Art.16º - Das Comissões
Jurisdicionais e de Ética
-
Todos os órgãos do movimento poderão
criar, junto a si, comissões de índole disciplinar, fiscal
ou de ética, devendo estas comissões, e respectivo
regulamento interno, ser aprovadas por órgão de nível
superior ao que as criou.
-
Os procedimentos disciplinares poderão
ser conduzidos por comissões com competência específica, ou
pelos órgãos comuns do movimento, respeitando-se em todo o
caso os direitos de defesa, de recurso, e a lei geral.
-
As penas disciplinares a aplicar serão a
repreensão oral, a repreensão escrita, a suspensão e a
expulsão.
-
As penas de repreensão poderão ser
aplicadas por qualquer órgão, sendo que a repreensão oral
pode ser aplicada sem formalidades processuais.
-
As penas de suspensão e de expulsão só
poderão ser aplicadas por órgão distrital ou nacional.
-
A existência de procedimento disciplinar,
ou de processo crime, contra um membro do movimento implica
a sua suspensão preventiva.

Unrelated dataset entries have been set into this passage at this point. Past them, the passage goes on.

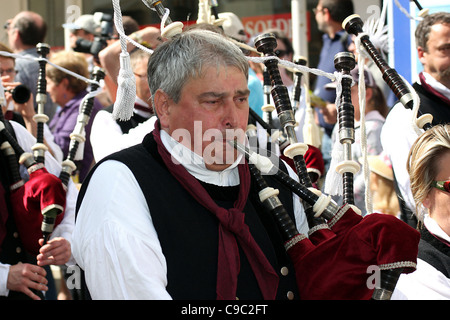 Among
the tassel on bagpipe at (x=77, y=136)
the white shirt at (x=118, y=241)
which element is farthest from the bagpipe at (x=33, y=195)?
the white shirt at (x=118, y=241)

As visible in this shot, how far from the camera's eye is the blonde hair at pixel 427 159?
2.38 meters

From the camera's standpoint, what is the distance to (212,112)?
6.36 feet

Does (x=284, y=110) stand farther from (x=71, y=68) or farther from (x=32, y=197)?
(x=71, y=68)

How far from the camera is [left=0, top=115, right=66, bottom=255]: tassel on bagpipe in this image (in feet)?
9.98

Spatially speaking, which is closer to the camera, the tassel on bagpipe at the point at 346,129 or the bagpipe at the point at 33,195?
the tassel on bagpipe at the point at 346,129

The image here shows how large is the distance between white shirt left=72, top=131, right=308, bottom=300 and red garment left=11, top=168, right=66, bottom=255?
3.91ft

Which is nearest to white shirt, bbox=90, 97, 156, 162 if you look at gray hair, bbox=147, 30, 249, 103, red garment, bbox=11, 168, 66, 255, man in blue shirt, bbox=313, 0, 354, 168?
red garment, bbox=11, 168, 66, 255

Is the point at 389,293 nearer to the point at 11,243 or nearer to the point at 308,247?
the point at 308,247

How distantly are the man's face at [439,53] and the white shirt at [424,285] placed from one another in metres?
1.62

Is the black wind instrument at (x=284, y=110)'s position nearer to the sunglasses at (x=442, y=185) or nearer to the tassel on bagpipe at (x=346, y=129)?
the tassel on bagpipe at (x=346, y=129)

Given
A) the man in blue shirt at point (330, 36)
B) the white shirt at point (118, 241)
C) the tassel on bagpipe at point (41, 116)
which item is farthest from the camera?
the man in blue shirt at point (330, 36)

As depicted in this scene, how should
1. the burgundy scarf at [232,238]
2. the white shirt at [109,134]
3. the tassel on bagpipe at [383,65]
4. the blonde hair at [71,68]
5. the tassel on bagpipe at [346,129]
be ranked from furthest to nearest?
the blonde hair at [71,68]
the white shirt at [109,134]
the tassel on bagpipe at [383,65]
the tassel on bagpipe at [346,129]
the burgundy scarf at [232,238]

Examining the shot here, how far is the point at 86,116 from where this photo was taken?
3.55 metres

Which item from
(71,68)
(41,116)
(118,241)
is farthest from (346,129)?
(71,68) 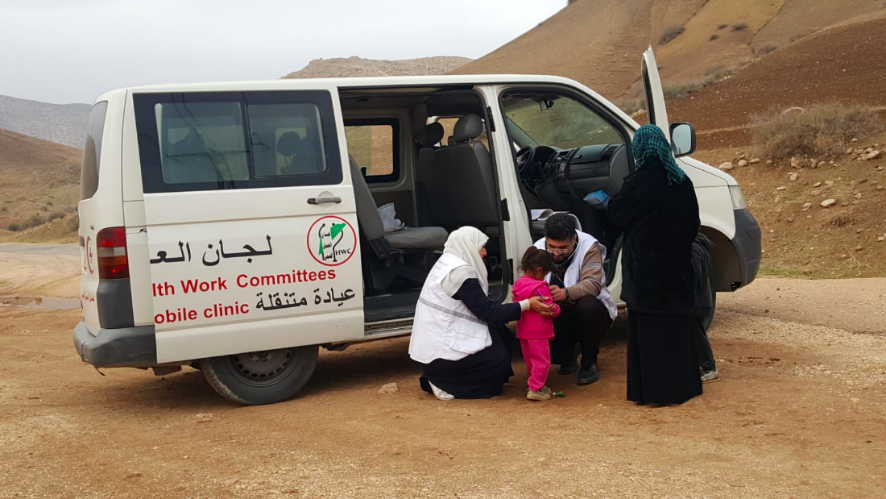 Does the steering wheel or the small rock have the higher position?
the steering wheel

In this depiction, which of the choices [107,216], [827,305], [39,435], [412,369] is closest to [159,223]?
[107,216]

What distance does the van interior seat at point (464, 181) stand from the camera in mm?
6688

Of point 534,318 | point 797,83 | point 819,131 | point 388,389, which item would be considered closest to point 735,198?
point 534,318

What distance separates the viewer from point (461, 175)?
698cm

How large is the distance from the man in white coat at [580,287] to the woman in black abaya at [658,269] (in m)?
0.47

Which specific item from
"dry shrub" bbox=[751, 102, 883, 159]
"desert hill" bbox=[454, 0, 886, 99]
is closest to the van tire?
"dry shrub" bbox=[751, 102, 883, 159]

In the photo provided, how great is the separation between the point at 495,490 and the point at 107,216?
2.86 m

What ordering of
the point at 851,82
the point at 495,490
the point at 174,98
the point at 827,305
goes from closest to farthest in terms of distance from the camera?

A Comissão Nacional deverá promover a
criação de uma Comissão Jurisdicional e de uma Comissão de Ética, com competências sobre todos os
membros do movimento.
CAPÍTULO V
Da Duração e Cláusulas Gerais
Art.17º - Da duração do
movimento
O movimento dura por tempo
indeterminado, enquanto os seus membros lhe reconhecerem
utilidade, até que decidam extingui-lo, ou lhe dêem forma
diferente.
Art.18º - Cláusulas Gerais
-
As lacunas e dúvidas na interpretação
destes princípios estatutários poderão ser supridas por
regulamentos e directrizes emanadas pelos órgãos do
movimento, posto que não contrariem o que aqui fica
estatuído, nem a lei.
-
Nas omissões aplicar-se-ão os princípios
da lei geral, que sempre precede, e os usos e costumes.